::: Data to use :::

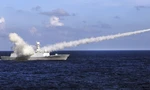 Tàu chiến Vận Thành của Trung Quốc phóng tên lửa trong cuộc tập trận gần đảo Hải Nam năm 2016 Ảnh: AP 
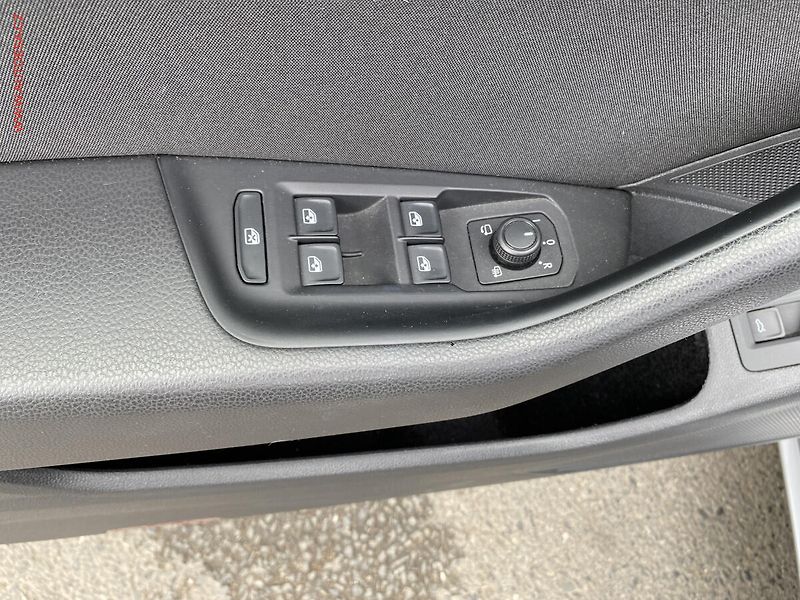 Volkswagen Passat (2020) 1.6 TDi, Business, DSG, LED - fotka 13 z 18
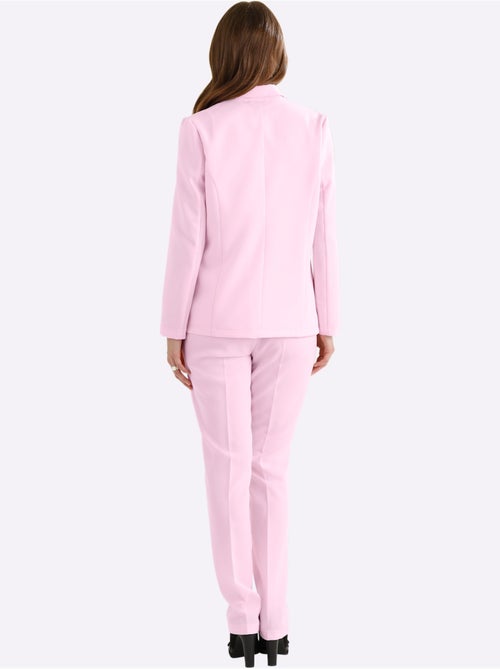 Blazer de costume femme avec col à revers et deux fausses poches - Taille standard - Moda Vilona - Kiabi Blazer de costume femme avec col à revers et deux fausses poches - Taille standard - Moda Vilona - Kiabi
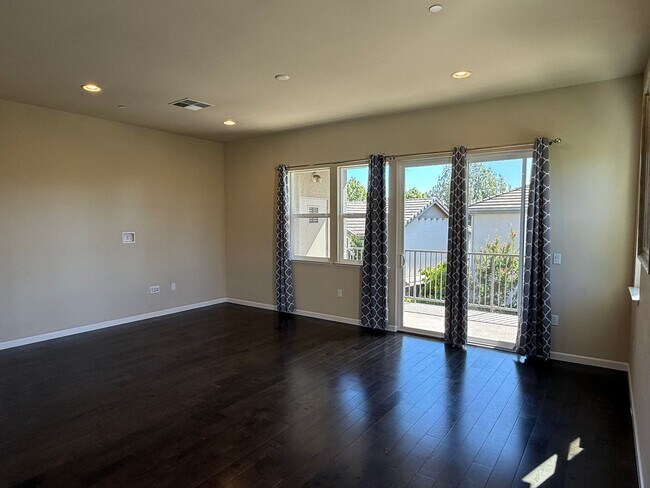 Building Photo - Executive Evergreen Valley Townhome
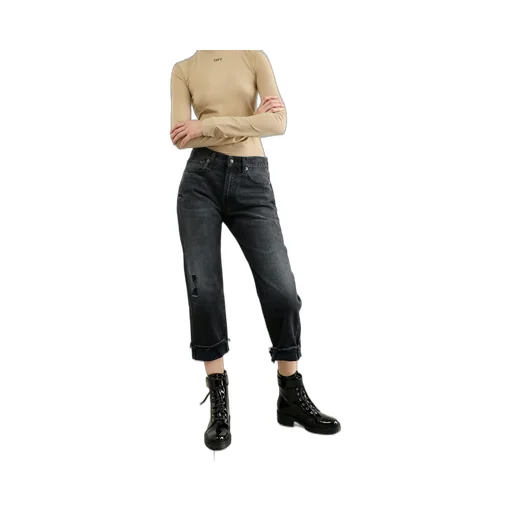Straight Jeans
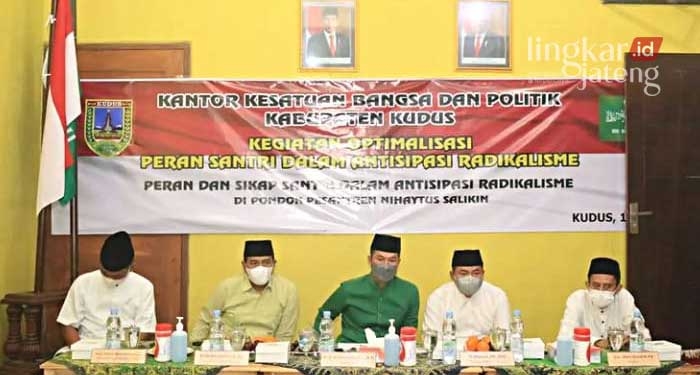 DPRD Kudus Kenalkan Santri Bahaya Radikalisme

:::

*Exercise requirements:* Please restate word for word the lines above, starting with the line that holds "Building Photo - Executive" and ending with the final line of the records, while leaving out pictures.

*Reply:*
 Building Photo - Executive Evergreen Valley Townhome
Straight Jeans
 DPRD Kudus Kenalkan Santri Bahaya Radikalisme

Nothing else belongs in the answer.